→ TASK
After locating the line containing "2nd image of 1539 W 147th St APT D" in the entries below, please write out that line and the rest through the end exactly. Omit pictures.

→ Crawled caption data
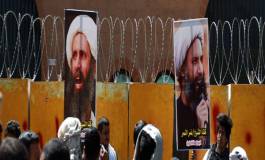 L'exécution par Ryad d'un opposant chiite risque d'exacerber les tensions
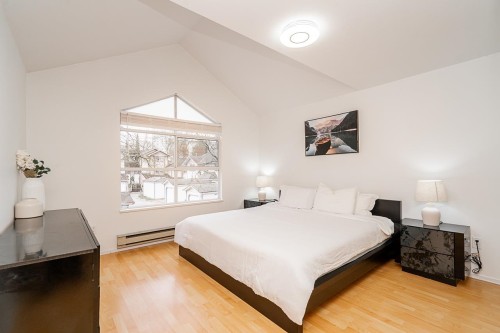 104-10538 153 Street, Surrey, BC 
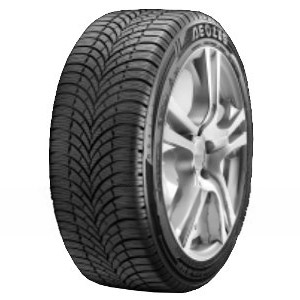 SnowACE2 HP AW09 1380413089 Pneumatiky Aeolus cena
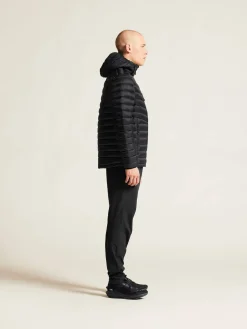 CORE Explore Lt. Insulation Jkt M*Craft Sportswear Discount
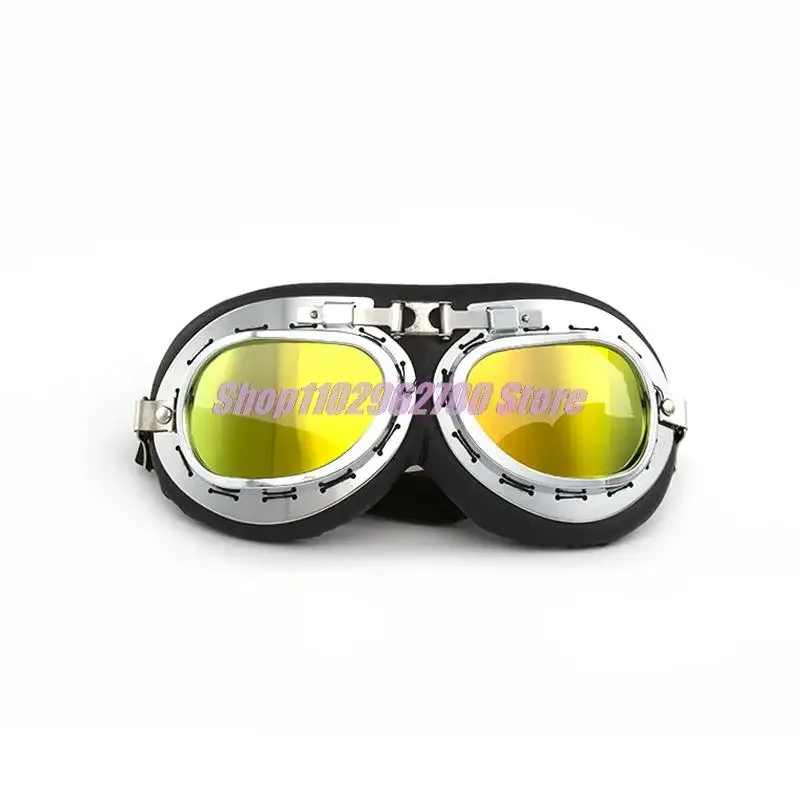 DY20Zom 100 Lista de cubos de los muertos Akira Tendou Cosplay disfraz peluca gafas abrigo chaqueta pantalones gafas camisa Akira negro corto W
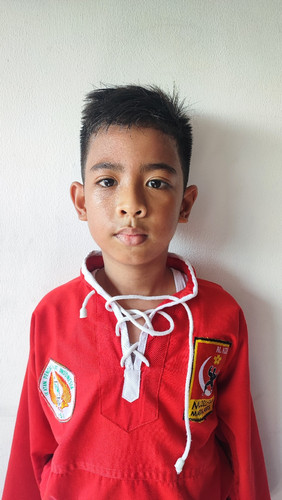 scaled IMG 20230808 091747.jpg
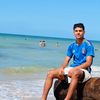 qusay_335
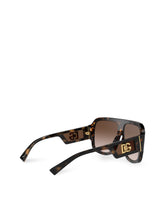 Magnificent sunglasses - | Dolce & Gabbana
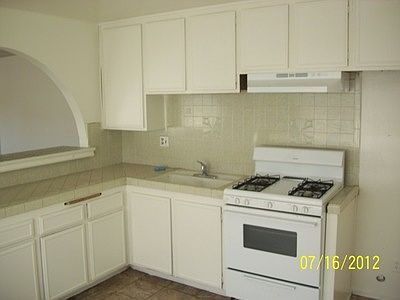 2nd image of 1539 W 147th St APT D
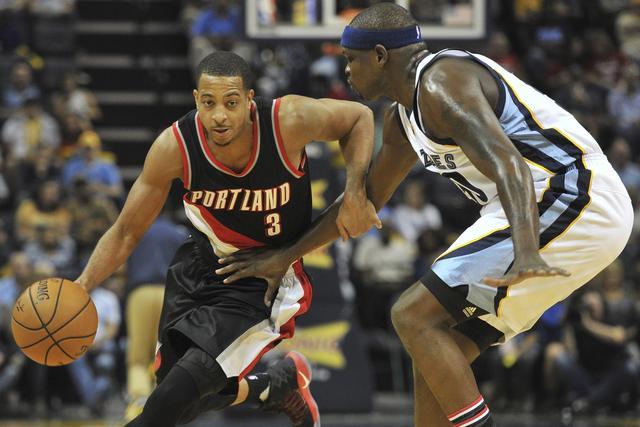 现依旧稳定 现依旧稳定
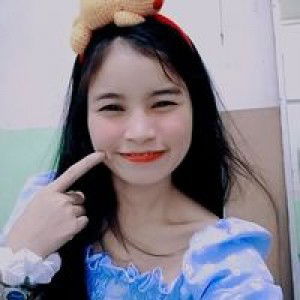 ดา ด้าจ๋า profile icon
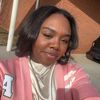 imaniredd46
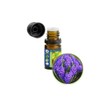 HIGH ALTITUDE NATURALS Hyacinth Essential Oil Absolute (Hyacinthus Orientalis) -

→ ANSWER TO THE EXERCISE
 2nd image of 1539 W 147th St APT D
 现依旧稳定 现依旧稳定
 ดา ด้าจ๋า profile icon
 imaniredd46
 HIGH ALTITUDE NATURALS Hyacinth Essential Oil Absolute (Hyacinthus Orientalis) -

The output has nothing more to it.